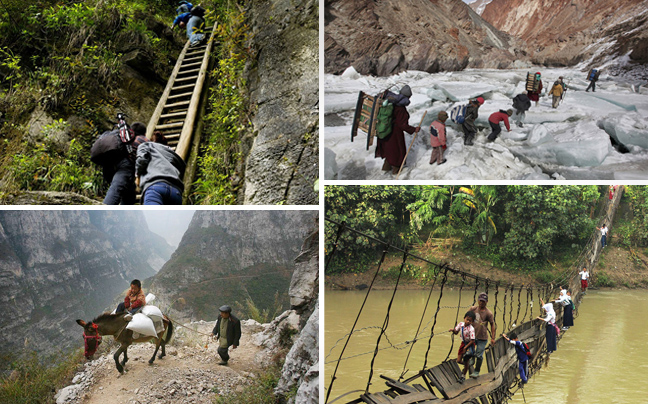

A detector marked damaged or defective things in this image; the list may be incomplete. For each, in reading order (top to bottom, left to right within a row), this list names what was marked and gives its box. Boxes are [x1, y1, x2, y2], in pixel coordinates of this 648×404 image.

damaged suspension bridge [326, 188, 624, 404]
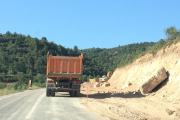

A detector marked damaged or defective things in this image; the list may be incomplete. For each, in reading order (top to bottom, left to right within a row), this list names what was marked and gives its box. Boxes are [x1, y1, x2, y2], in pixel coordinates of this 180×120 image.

rusty truck body [46, 52, 83, 97]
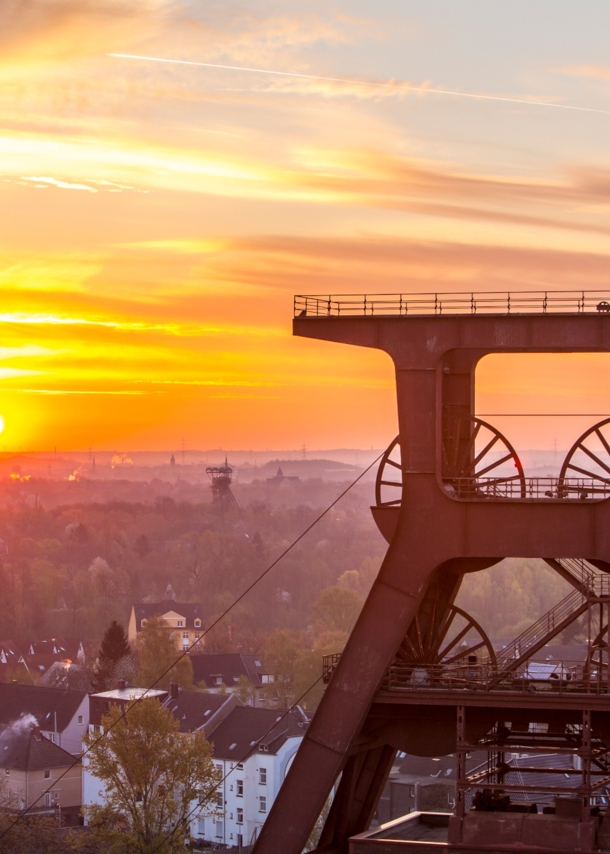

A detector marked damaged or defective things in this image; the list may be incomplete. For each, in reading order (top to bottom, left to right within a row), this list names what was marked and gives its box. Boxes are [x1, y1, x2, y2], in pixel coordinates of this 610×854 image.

rusty steel structure [252, 292, 610, 854]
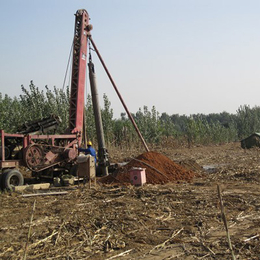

[ACTION ITEM] The line that contains "this 610×854 image." begins the part to retype, and the last line of the records above ends it. Retype both and everything between, exactly, without the pictures.

[EXERCISE RESPONSE]
A detector marked damaged or defective things in this image; the list may be incomplete. For each, in reading order (top to bottom, left to right within a row), this list names what was marked and gives its box. Boxes are [x1, y1, x2, y2], in pixel coordinates of this 610×854 image.

rusty steel structure [252, 292, 610, 854]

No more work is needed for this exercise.